Thanks for the response, I look forward to hearing what you have to say and the confirmation that the product isn't dead!


----------



## inertianinja

amber rain said:


> Thanks for the response, I look forward to hearing what you have to say and the confirmation that the product isn't dead!




Hah, definitely not dead. I have a unit that came in retail packaging, it works, bits go in one end and music comes out the other


----------



## .Sup

I should be getting mine tomorrow. Will update here.


----------



## I g o r

We are anxious waiting for your impressions. Do any of you testers have the Apple lightning to 3.5mm to compare?


----------



## inertianinja

i g o r said:


> We are anxious waiting for your impressions. Do any of you testers have the Apple lightning to 3.5mm to compare?




Yes! For my review I used a second iPhone and an A/B switch to compare the sound.


----------



## .Sup

The cable is 80 cm long and the build quality is excellent - cable has a soft touch feel, housing of the device and lightning connector is made of metal and the lightning connector is very sturdily plugged into ipad, no wobble. Its plug and play with the iPad. Now charging iPhone 5 to test it with.  Igor I only have Apple lightning to usb adapter.


----------



## neopac

.sup said:


> The cable is 80 cm long and the build quality is excellent - cable has a soft touch feel, housing of the device and lightning connector is made of metal and the lightning connector is very sturdily plugged into ipad, no wobble. Its plug and play with the iPad.

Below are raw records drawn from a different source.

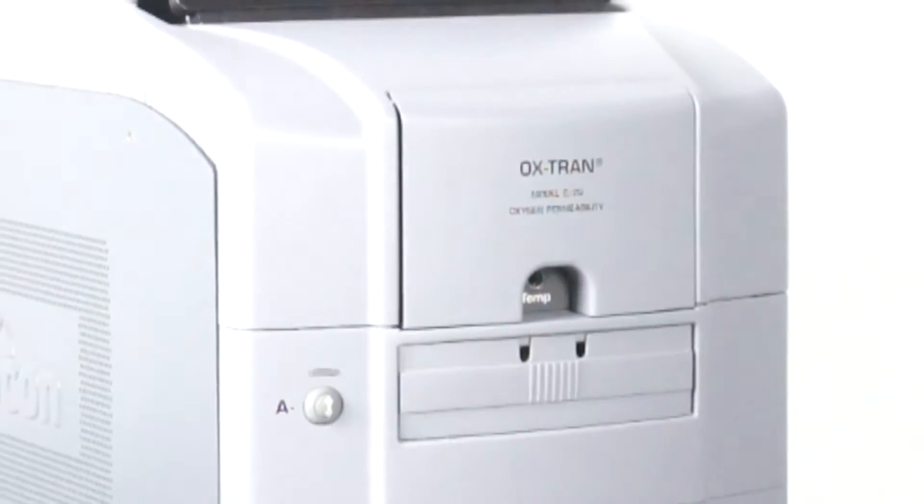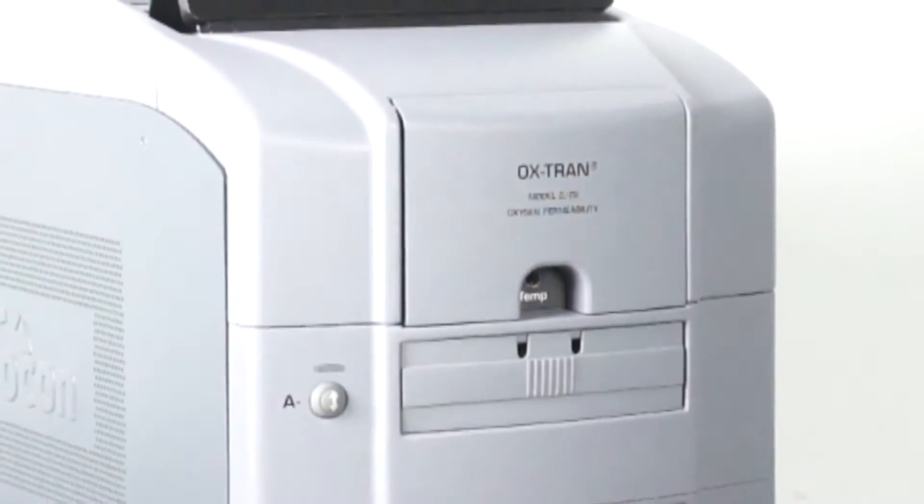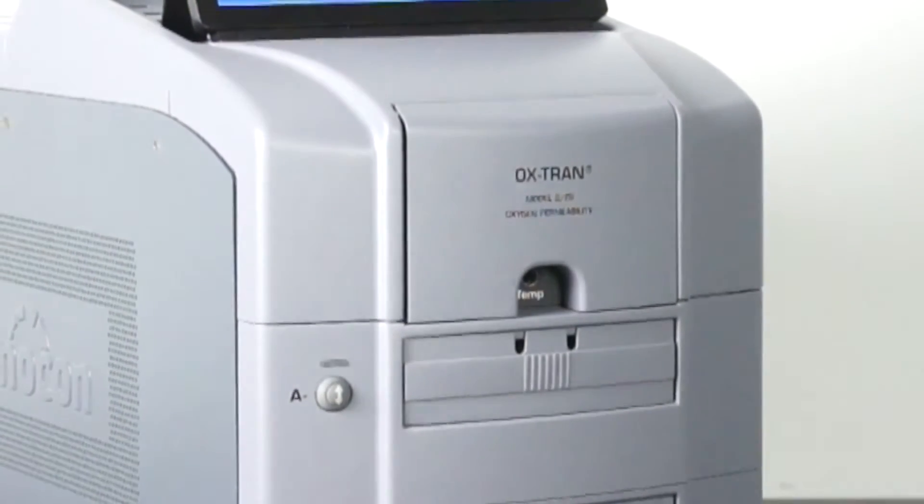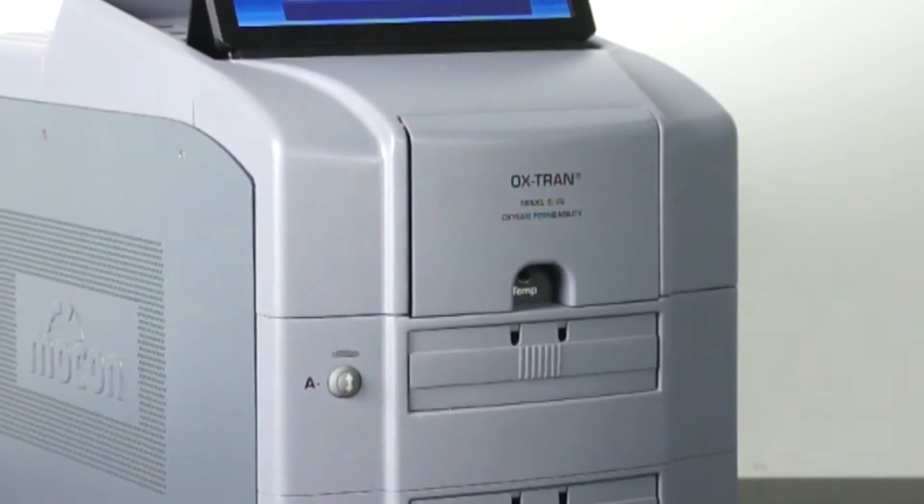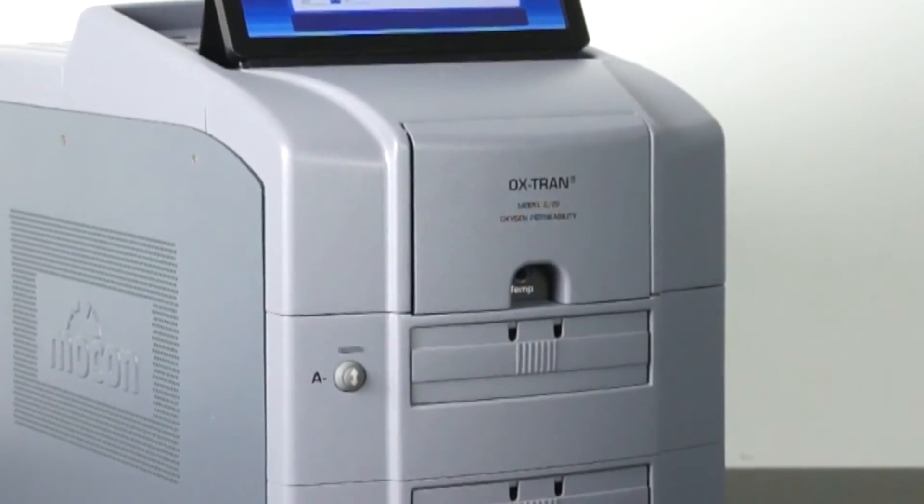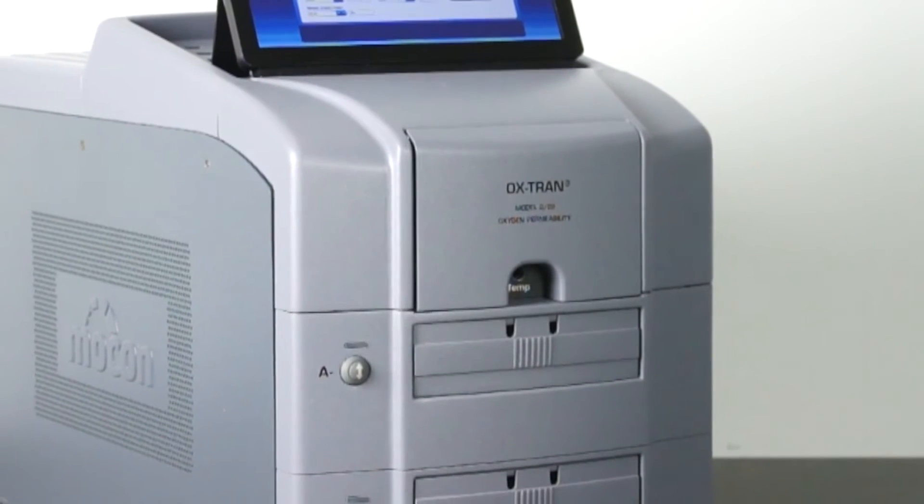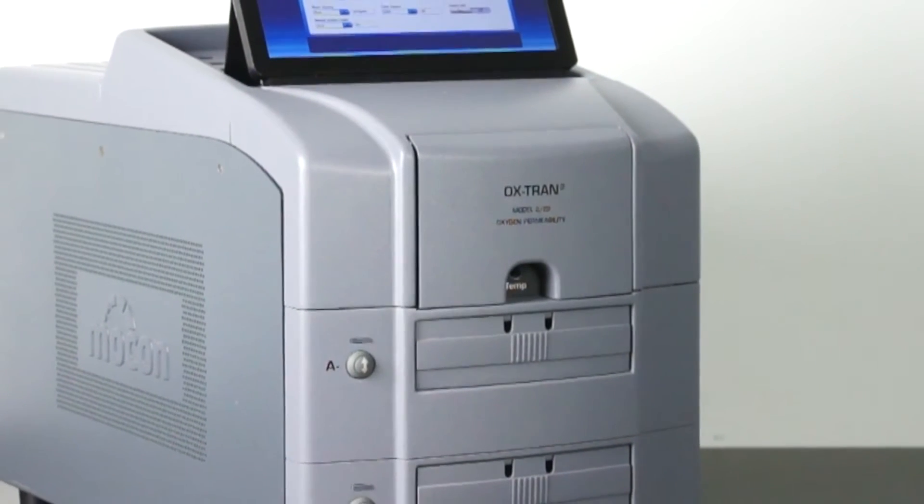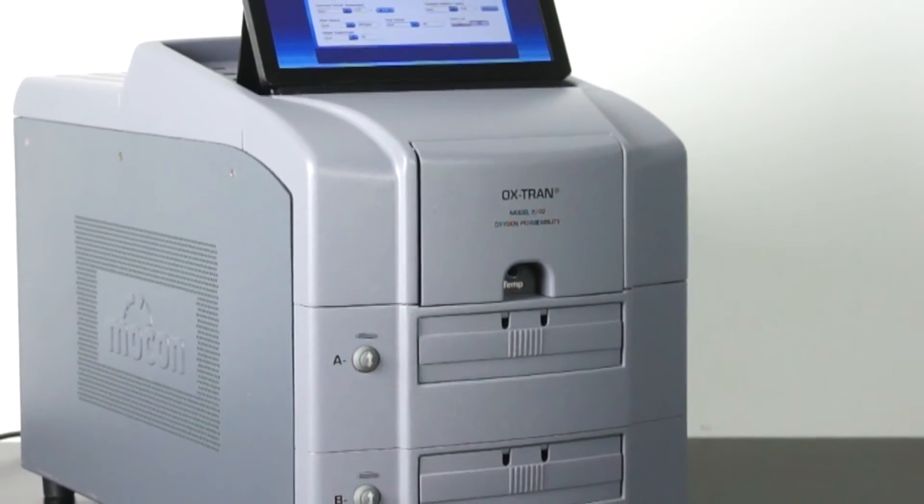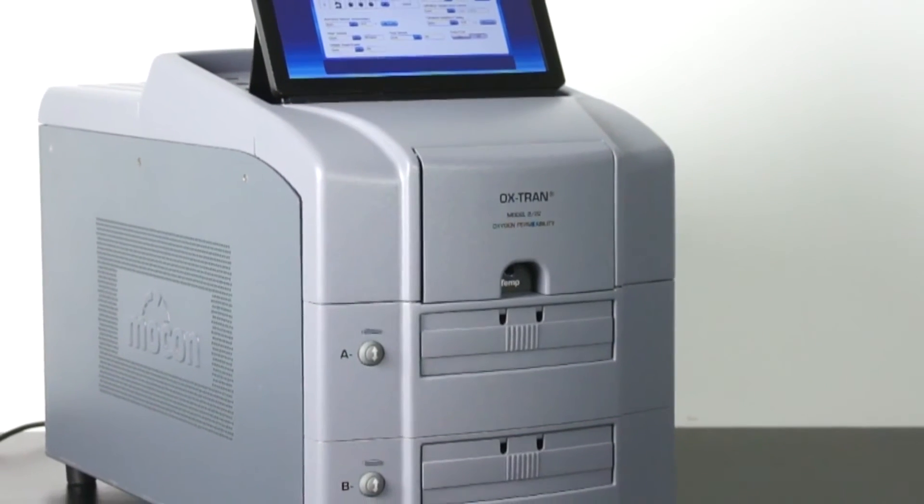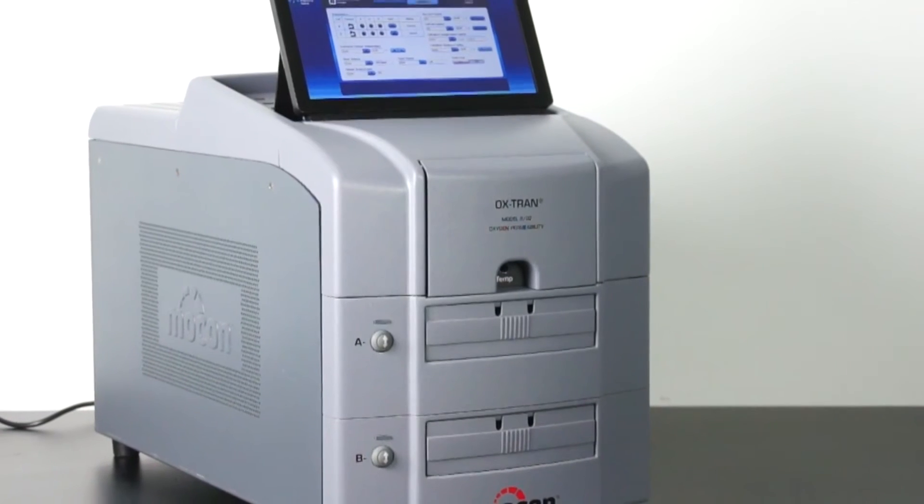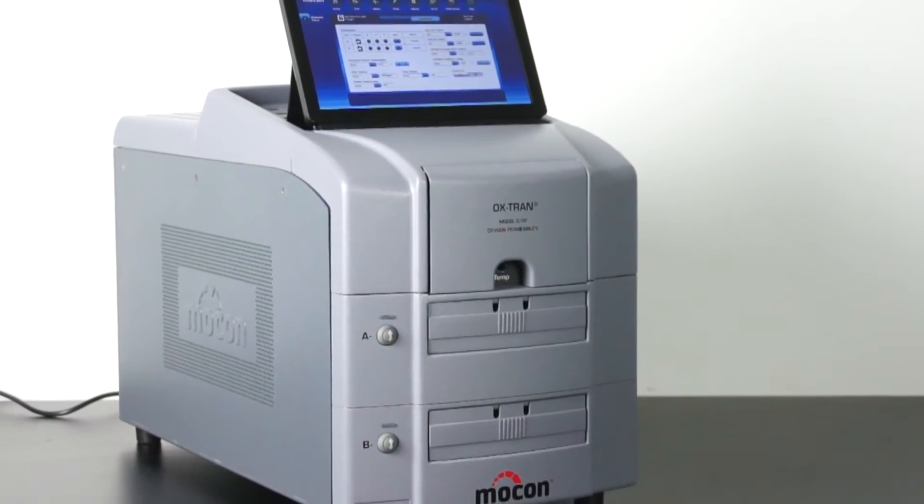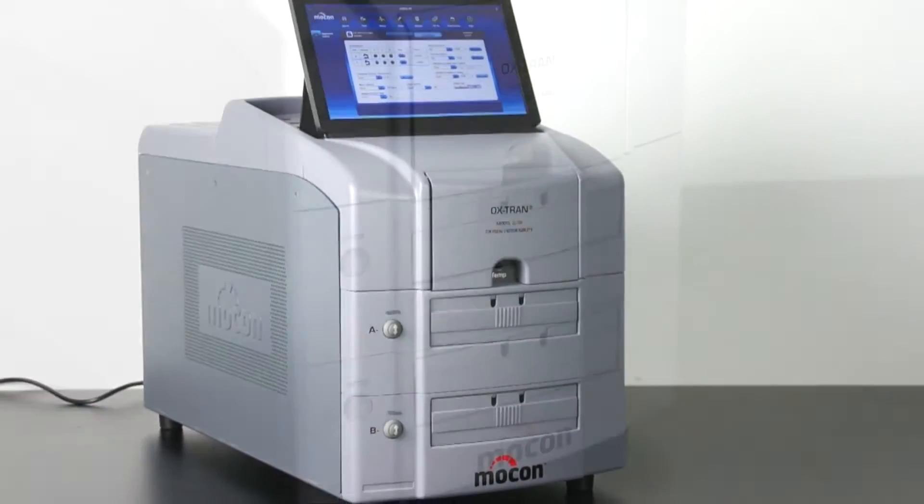MoCon designed the OXTRAN model 222 as a fully automatic testing system that's easy to use. It's significantly faster than any other oxygen permeation instrument, provides improved accuracy and repeatability, and has a lower cost of ownership.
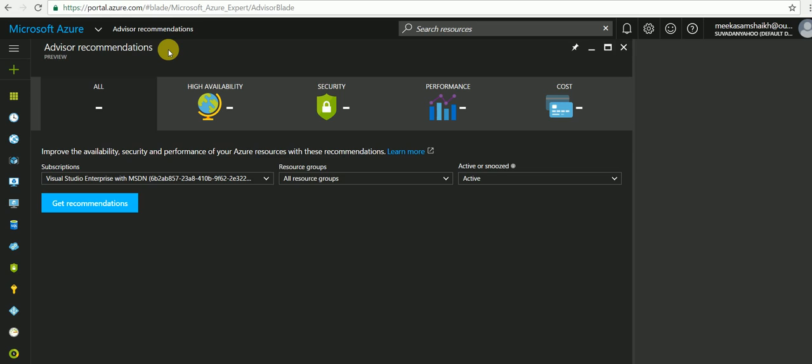Let's get started. Just log on to portal.azure.com, select your subscription, and that's it. You will land on the Azure Advisor Dashboard. Now, to access this dashboard, your selected subscription should have a role of contributor, owner, or reader.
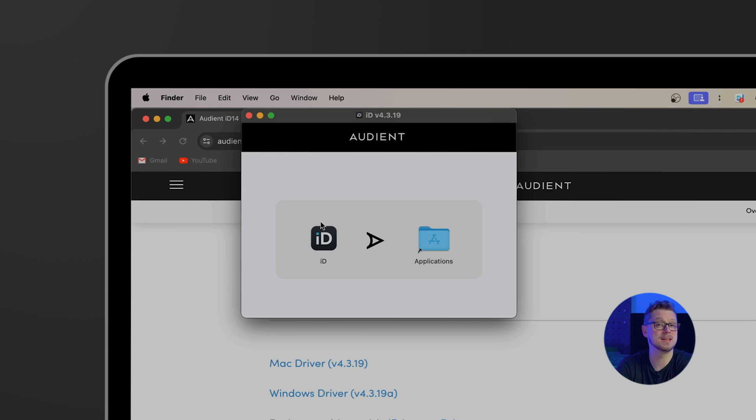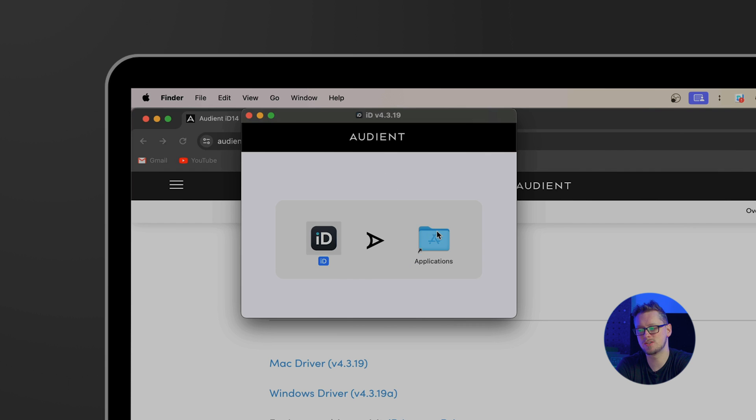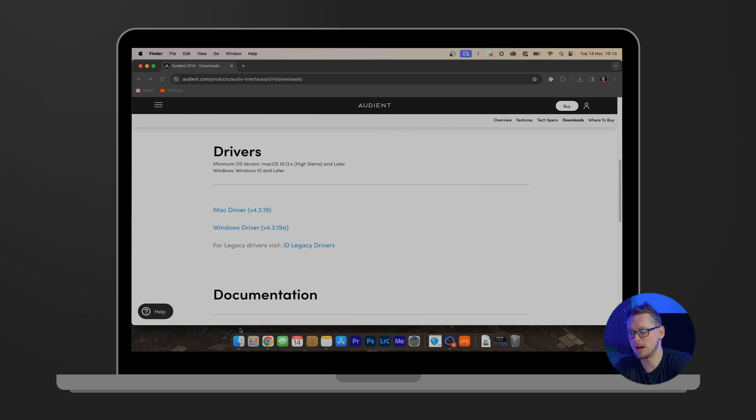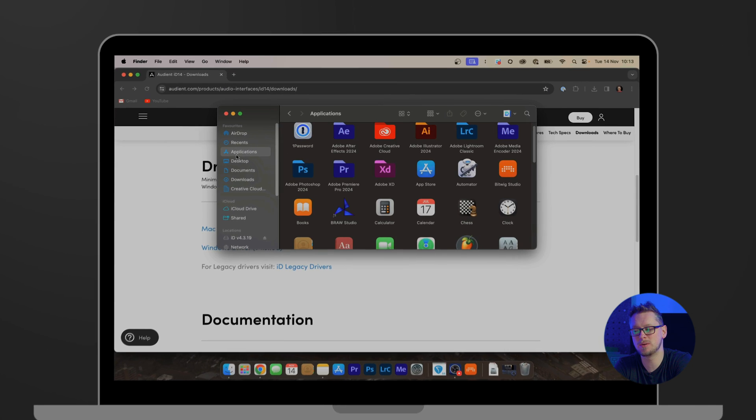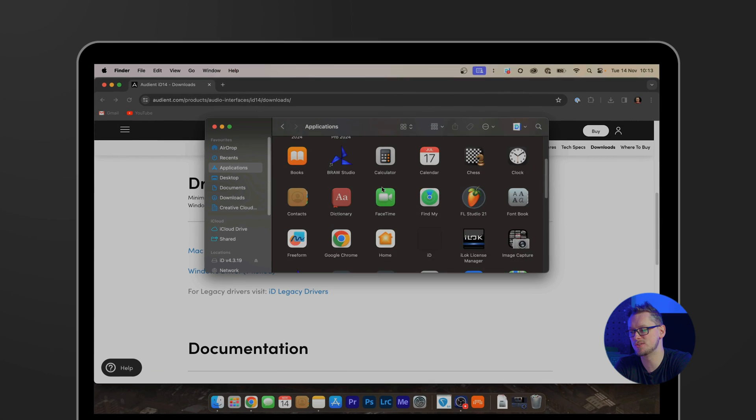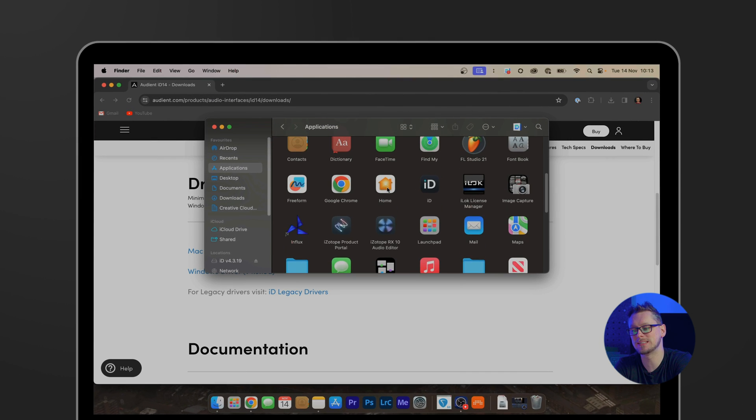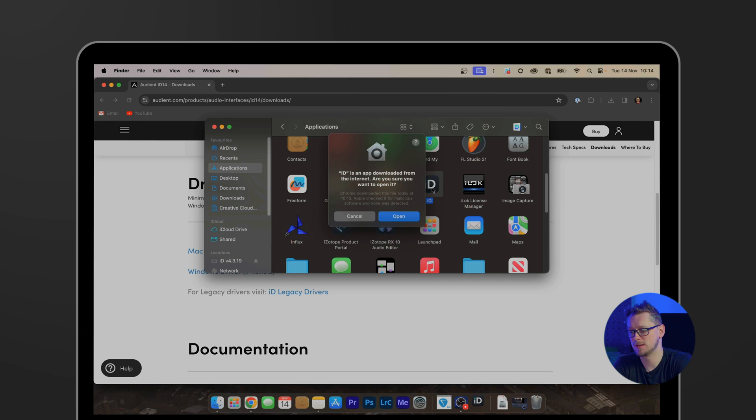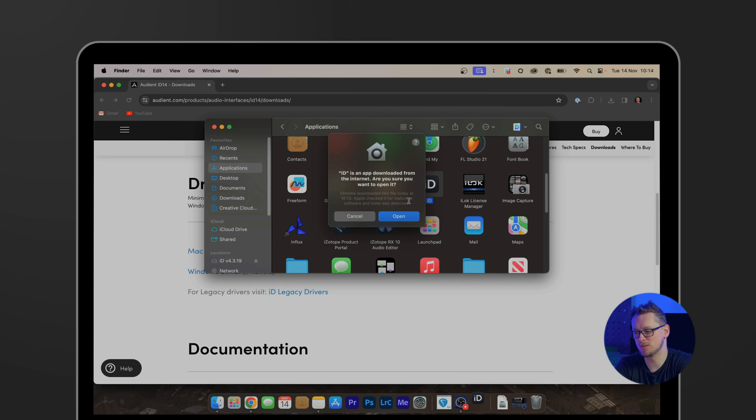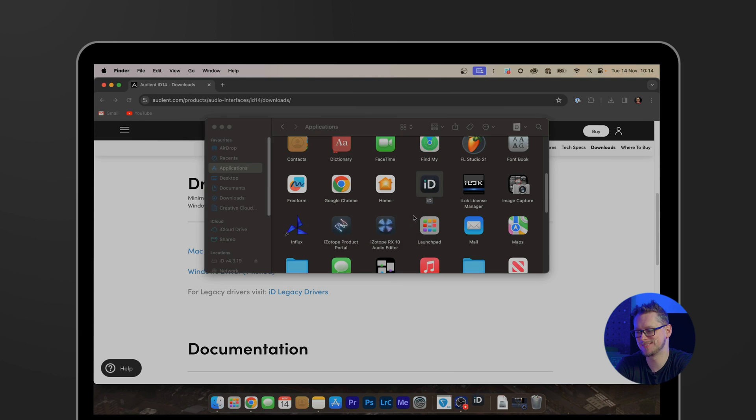In my case, I have to drag and drop the iD onto applications. On Windows you would double-click on the installer and then run through the steps as necessary as it guides you. Now on Mac, I do have to open my applications and open that iD app one time. And then that will ask me it's downloaded from the internet, are you sure? Yes.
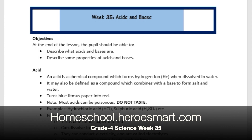Alright, hello boys and girls, welcome to Heroes Modern School Academy. This is week number 35 of grade 4 science. We're going to be talking about acids and bases today.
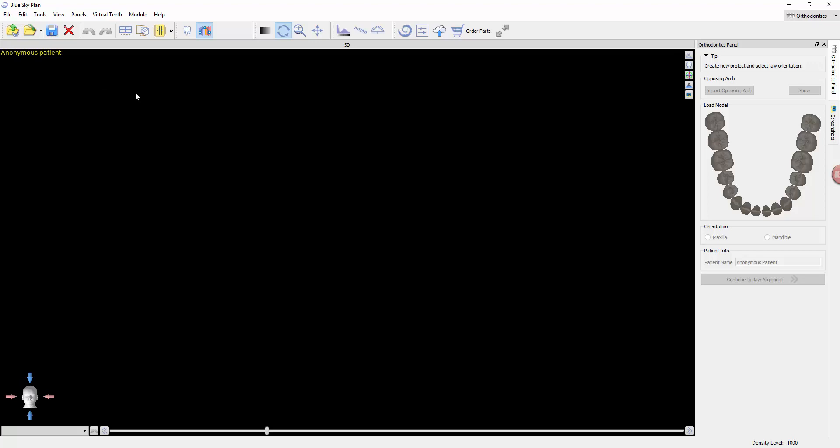Okay, so in the actual software to get us going, the first thing we're going to do is open up a case. In this case, I'm going to show you a sample case of treatment plan in the upper arch. So I'm going to click right here, which is new project.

Now charging iPhone 5 to test it with.
> 
> 
> 
> ...


 
  
*Hi,*
  
_*.. 80cm cable ... metal housing ... *_
  
 is there any way of "mounting" the i1 to a jacket or shirt with a clip (like a ballpen with it's clip) ?
 guess the weight of DAC + cable will tend to pull iems out of our ears, if not supported in any way ... the render pictures had things like this missing.
  
*cheers*
*neopac*


----------



## .Sup

neopac said:


> *Hi,*
> 
> _*.. 80cm cable ... metal housing ... *_
> 
> ...



The unit is very light but it comes with a small crocodile clip. The weight of the i1 is 13 grams which equals the weight of Hifiman's RE-400.


----------



## neopac

.sup said:


> The unit is very light but it comes with a small crocodile clip. The weight of the i1 is 13 grams which equals the weight of Hifiman's RE-400.


 
 thank you for the input.. good to know it got a clip.
 I´m sure it won't be an issue in a home environment.. but i plan to use it as a "daily driver" with a short iem cable, where additional 13g _-pulling on my plugs-_ are actually something to consider.
  
*cheers*
*neopac*


----------



## I g o r

80cm of i1 cable, plus at least 100cm from the earphones, seems like a lot of cable to me...


----------



## neopac

i g o r said:


> 80cm of i1 cable, plus at least 100cm from the earphones, seems like a lot of cable to me...


 
  
 at least sennheiser offers a short version (60cm LINK) ... got myself one of these weeks ago.. should end up with the i1 at chest height.
  
 fiio got a cable product line (senn-connector & mmcx) for their amps with a 2,5mm balanced connector, guess they could offer a suiting short aftermarket 3,5mm stereo cable if they want.
  
@FiiO
 any plans in this direction?
 when will distributors receive the i1?
  
 cheers
 neopac


----------



## FiiO

neopac said:


> at least sennheiser offers a short version (60cm LINK) ... got myself one of these weeks ago.. should end up with the i1 at chest height.
> 
> fiio got a cable product line (senn-connector & mmcx) for their amps with a 2,5mm balanced connector, guess they could offer a suiting short aftermarket 3,5mm stereo cable if they want.
> 
> ...


 
 Dear neopac,
  
 1. Now we are working on the Bluetooth Receiver named BTR1. The project is a receiver with 3.5 mm headphone output. One short MMCX cable will be included with the receiver.  Not sure whether this can meet you need.
  
 2. The i1 may be sent to the sellers about 1or 2 weeks latter.
  
 Best regards


----------



## inertianinja

As promised, here's my review!
  
 http://www.ilounge.com/index.php/reviews/entry/fiio-i1-lightning-to-3.5mm-headphone-adapter


----------



## Amber Rain

inertianinja said:


> As promised, here's my review!
> 
> http://www.ilounge.com/index.php/reviews/entry/fiio-i1-lightning-to-3.5mm-headphone-adapter




Thanks, an informative and useful review. I think I'll wait for the BTR1 as I don't have an IP7. It's a shame Fiio wasn't allowed to implement 24 bit/higher than 44.1 DAC. Presumably this same limitation will also apply to the BTR1?


----------



## inertianinja

amber rain said:


> Thanks, an informative and useful review. I think I'll wait for the BTR1 as I don't have an IP7. It's a shame Fiio wasn't allowed to implement 24 bit/higher than 44.1 DAC. Presumably this same limitation will also apply to the BTR1?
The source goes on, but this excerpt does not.